In this repo we will be building a #Social #Media #Sentiment #Analysis application with Apache #Spark. We will not be focusing on the #NLP and #Modeling part for now. We will be doing data preprocessing using Scala and Apache Spark, and we will be classifying tweets as positive or negative using a Gradient Boosting algorithm. Although this is focused on sentiment analysis, Gradient Boosting is a versatile technique that can be applied to many classification problems. You should be able to reuse this code to classify text in many other ways, such as spam or not spam, news or not news, ...etc.
You can find it at src/test/resources/data/tweets.json
cd into the project.

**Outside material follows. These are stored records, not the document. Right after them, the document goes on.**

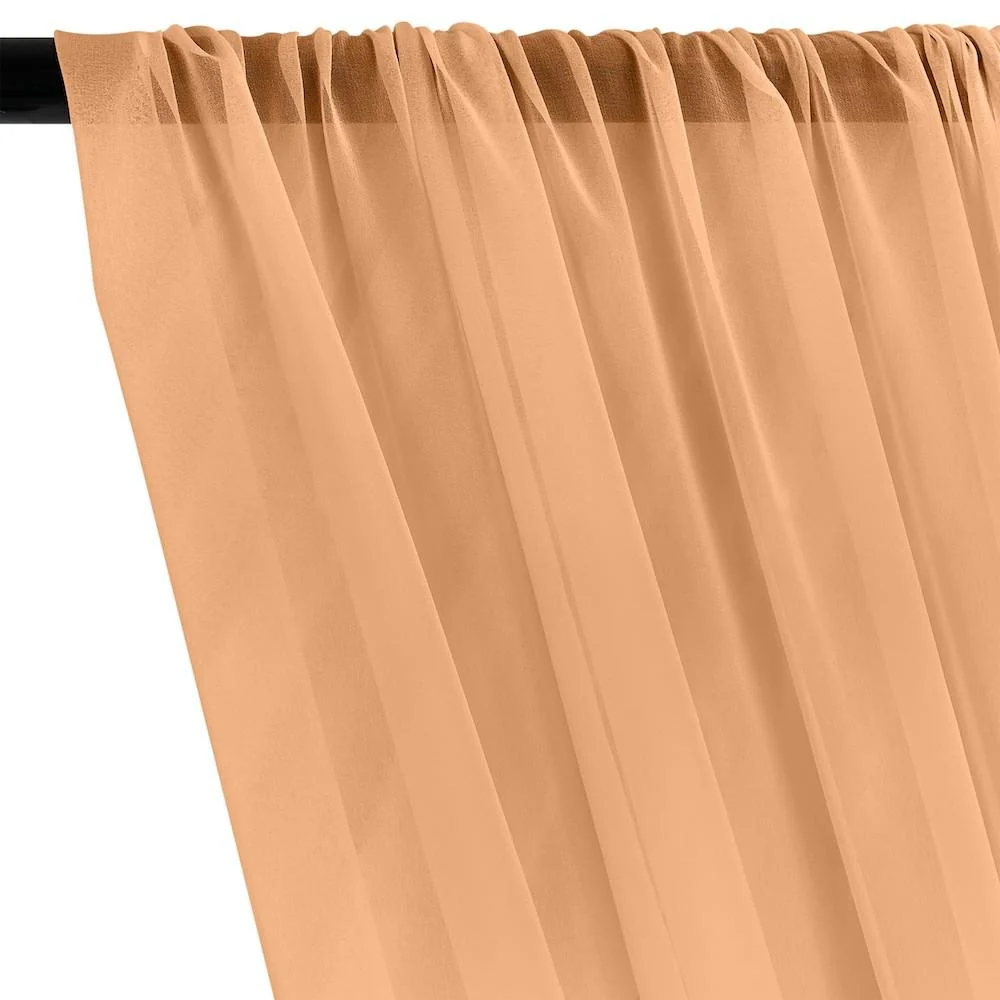 Silk Georgette Chiffon Rod Pocket Curtains - Peach - Image 2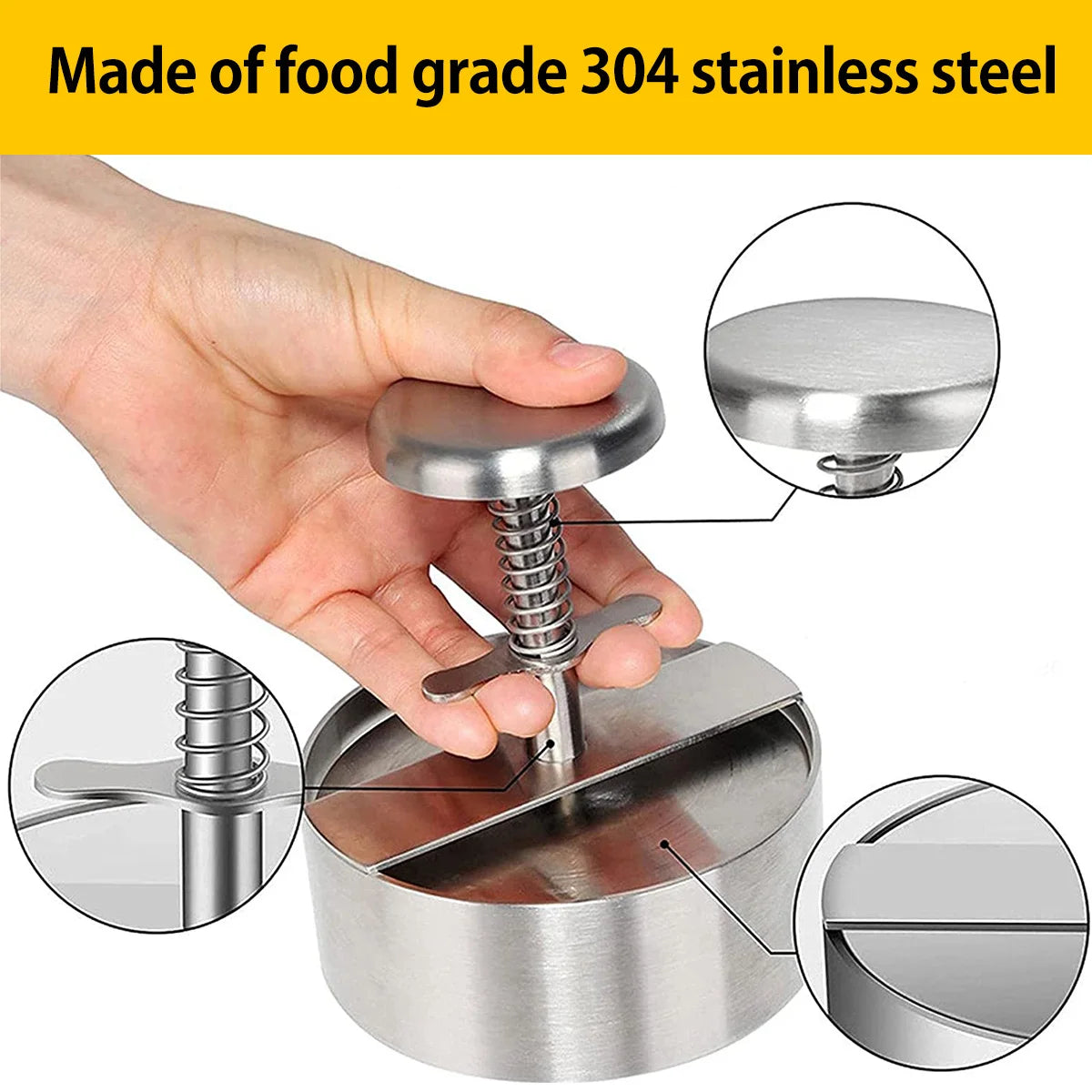2025 Hamburger Press Hamburger Patty Maker 304 Stainless Steel Non-Stick Burger Press for Making Meat Patties and Thin Burgers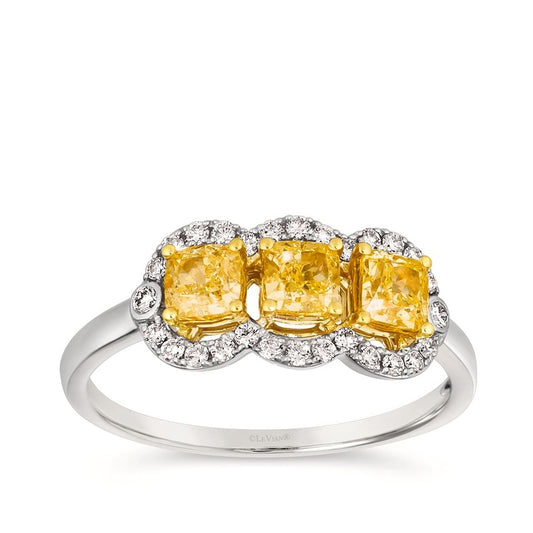Le Vian Couture 1-1/10 ct. tw. Cushion Sunny Yellow & Vanilla Diamond Ring in Platinum & 14K Honey Gold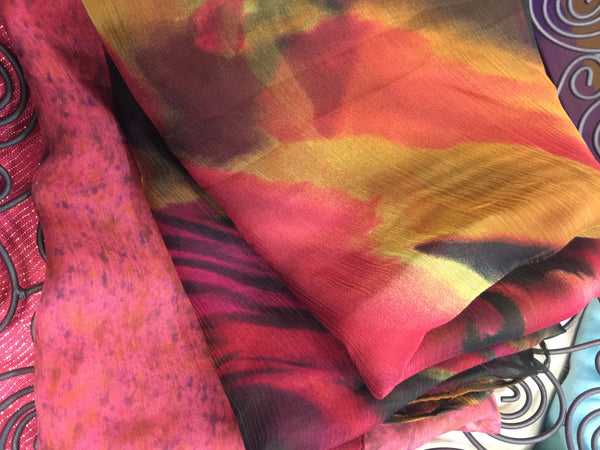 100% Silk Printed Wraps -Pinks&Browns - AlSundus
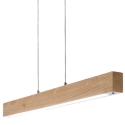 Lámpara colgante chandelier LED de madera clara y metal Badia-S Descueto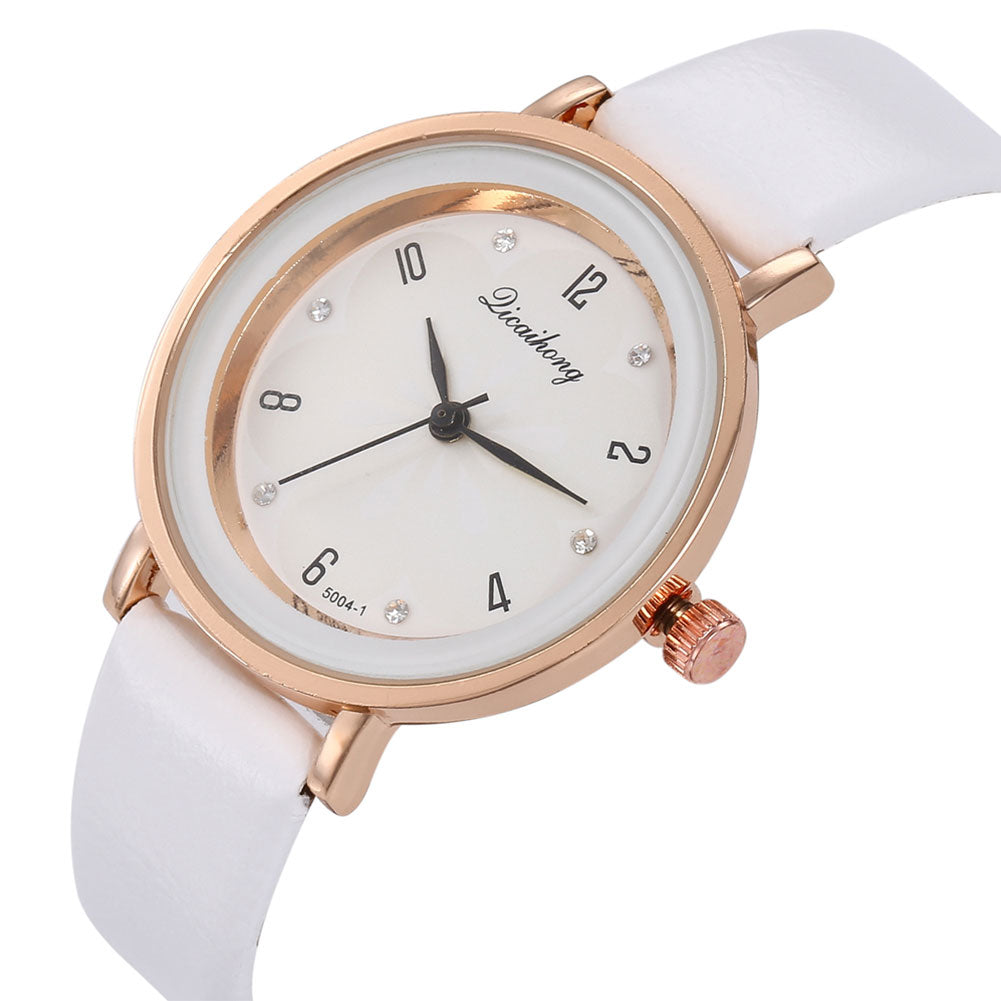 Women Fashion Rhinestone Inlaid Quartz Arabic Numbers Shopping Date Wrist Watch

You get the following files after doing so.
build.sbt project README.md run.sh spark-warehouse src target
Tape the following command to package the project as a JAR file
$ sbt package
Run the resultant package with spark-submit
- Method 1: If you cannot reach spark-submit from the current directory
$ path/to/spark/bin/spark-submit --class "SAApp" --master local[2] target/scala-2.11/saapp_2.11-0.1.jar
- Method 2: Otherwise
$ ./run.sh
Hope this can help! The techniques demonstrated can be directly applied to other text classification models, such as spam classification. Try running this code with other keywords besides happy and sad and see what models you can build.